A very persuasive example that it is not the use of the instrument to determine in a strict sense the meaning of the physical concept investigated by means of it, is provided from electromagnetic phenomena that can be, and often are, measured through mechanical instruments. Nevertheless this fact does not prevent, as stressed by Agazzi, the recognition of peculiarities of these phenomena and the introduction of new concepts such as charge, current and induction, all of which are clearly non-mechanical, although they are detectable on the basis of their mechanical effects recorded by mechanical instruments.

The explanation lies in his thesis of the contextualist nature of the meaning of physical concepts, according to which, as we saw earlier, a single physical concept is subject to different characterizations that depend on the different levels or contexts in which it appears. In this way, a concept such as “material particle” is seen in the context of classical physics as an object that has both a well defined position and well defined momentum; instead in the context of quantum physics, because of the uncertainty relations, it loses the simultaneous possession of such properties, but it takes on new properties, like spin.

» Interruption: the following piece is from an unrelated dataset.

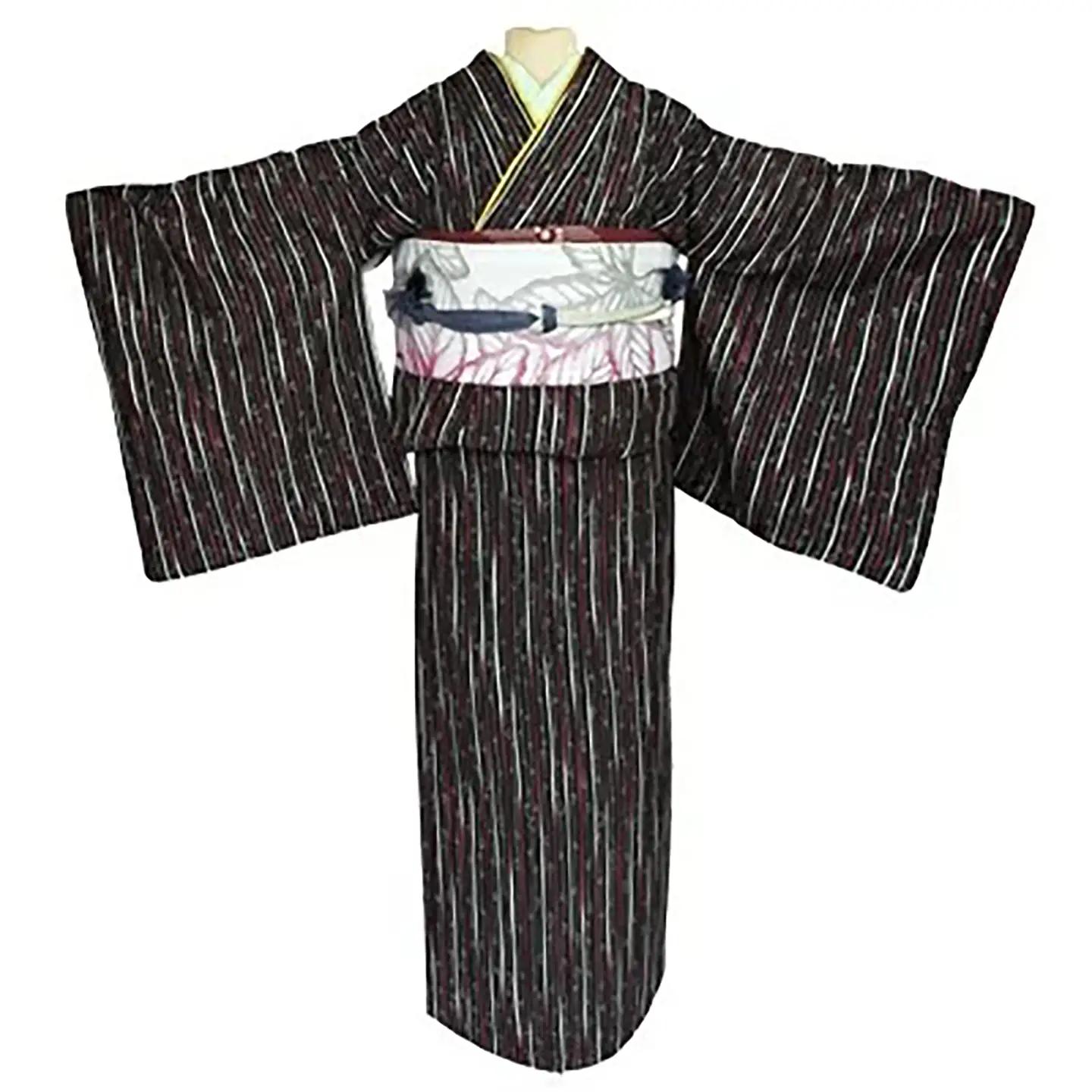 車いす用着物レンタル3日間＜小紋:黒色 縦縞柄 太鼓帯:白色 大葉柄(草履付き)＞ 着物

According to his contextualistic perspective, perhaps even the conceptual difficulties of the complementary interpretation of the wave-particle duality could then be solved by assuming that the classical concepts, considered at a formal level, appear as the elements of a semantic combination in which the original contradiction disappears, because it is not formally linked to the concepts themselves, but only to their classic denotation.

3 A New Non-classical Concept for a Testable Realist Interpretation of the Wave Function

Agazzi believed, however, that this view cannot provide a definitive solution to the ontological problem of the nature of micro-objects. He pointed out, with extraordinary intuition, the need to introduce in microphysics concepts that are new not only because they represent the result of a new combination of classical concepts, but also because they are able to replace their classic components with something new. As he emphasized again some years later:

Only by inventing some new concepts, that is, new in this fundamental sense, we could possibly overcome the present uneasy state of affairs, which is not related to the regret of losing the old concepts, but to the lack of new concepts capable of adequately replacing them (Agazzi 1988).

It seems really surprising that in the same year in which Agazzi emphasized the need of a new philosophical concept to solve the problem of wave particle duality, Franco Selleri proposed a realistic interpretation of the wave function of quantum mechanics based on the introduction of such a new concept. This was the concept of empty wave, later replaced by that of quantum wave, which can be considered as a sort of synthesis with respect to the three different concepts of duality between waves and particles that had been proposed by the main founders of quantum theory.

That notion was reminiscent in the first place of Einstein’s point of view: the founder of relativity, despite having reintroduced in physics a corpuscular theory of radiation by his famous hypothesis of light quanta, believed that interference and diffraction phenomena were not explicable on the basis of a purely corpuscular theory, but required also a wave to accompany and guide the quanta in their motion. But the fact that all the energy was concentrated in the quantum, and that the wave associated with it was consequently devoid of this fundamental property, led Einstein to introduce for such a wave the term ‘Gespensterfelder’ (ghost field).

When de Broglie, with his wave theory of matter, then extended the duality from radiation to matter, in an attempt to overcome the contradiction due to the “existence” of an entities without the properties that characterize any other physical object, like his pilot waves, he found no other way to ensure their reality, than attributing to them an extremely small portion of energy, almost entirely localized in the corpuscles (de Broglie 1927). But since no one has been able so far to reveal this very small amount of energy, the typical objection to de Broglie’s waves is that they are metaphysical rather than physical.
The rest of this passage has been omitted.